STAR WARS: Return of the Jedi – Special Edition original motion picture soundtrack (1997 RCA limited edition with holographic discs, original soundtrack released 1983)
The final soundtrack of the original trilogy received the most disappointing Special Edition soundtrack. The reissues for A New Hope and The Empire Strikes Back essentially offered complete collections of all the music from those two films. The soundtrack for Return of the Jedi suffers the most from the Special Edition changes. New music replaces old well-loved tunes, which is rarely a good idea.
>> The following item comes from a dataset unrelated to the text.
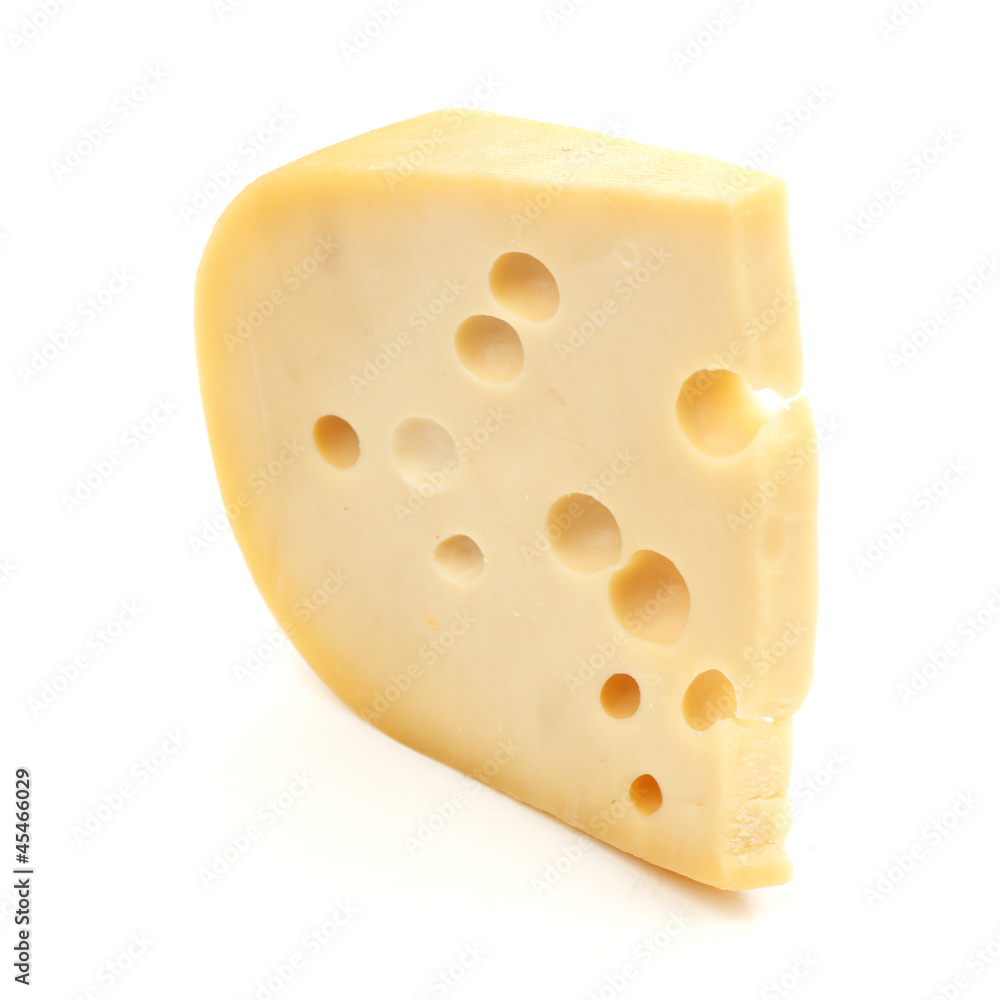 Cheese isolated on white background Cheese isolated on white background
Instead of the classic music of “Lapti Nek” (Jabba’s palace scene) we now get “Jedi Rocks”. I need not tell you how unwelcome that song was, replacing “Lapti Nek”. All because Lucas didn’t like that the singing alien puppet’s lips didn’t move enough, so he decided to “fix” that by putting in a much more elaborate musical number to go with the new CG lips. Thanks, George. Thankfully “Lapti Nek” was included on the 4 CD Star Wars Anthology box set.
The other missing music is “Ewok Celebration”, which fans worldwide know as “Yub Nub”. This Ewok song was one of those miserable little teddy bears’ few redeeming qualities. “Ewok Celebration” is replaced by the bland new “Victory Celebration” which ends the film. Thankfully the original music is also on the Anthology box set. (I would like to get that.)
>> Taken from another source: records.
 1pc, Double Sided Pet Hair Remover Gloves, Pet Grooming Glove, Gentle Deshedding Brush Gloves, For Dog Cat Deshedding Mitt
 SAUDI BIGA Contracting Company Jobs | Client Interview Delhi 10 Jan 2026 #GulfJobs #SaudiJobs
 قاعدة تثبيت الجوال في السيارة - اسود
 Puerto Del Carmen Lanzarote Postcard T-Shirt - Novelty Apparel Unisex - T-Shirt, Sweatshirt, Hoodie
Return of the Jedi gets off to a slower start than the other soundtracks. Instead of a battle or vicious Wampa attack, Jedi opened with a couple droids wandering through the desert before finding gainful employment with Jabba the Hutt. I know, right? How could that not make for exciting music? It’s not until Luke Skywalker confronts Jabba (track 6) that things start to move. Until then, the music remains largely atmospheric and creepy. There are a few unforgettable musical cues, such as that which accompanies Han Solo’s thawing.
Because Jedi was the third movie in a trilogy, it revisits a lot of familiar themes. The music for “The Imperial March” is heard several times for example (such as within “The Emperor Arrives”), but there isn’t much in terms of new memorable themes. I suppose that is to be expected. The nature of the film, including the deaths of beloved characters and other upsetting revelations, lent themselves to a darker soundtrack. A lot of atmospheric pieces helped underscore the mood of these scenes. This is offset by child-like Ewok segments of brightness.
A nice touch is the inclusion of alternate versions. The exciting “Sail Barge Assault” is included in an alternate take. There is also a sweeping concert suite of “The Forest Battle” on disc two. “Lapti Nek” and “Yub Nub” would have been nice, but in 1997 George was really trying to bury the original versions of the films forever. I’ll just have to find an old record, or that Anthology box.
The original music, excised for the Special Edition, is what this CD misses most.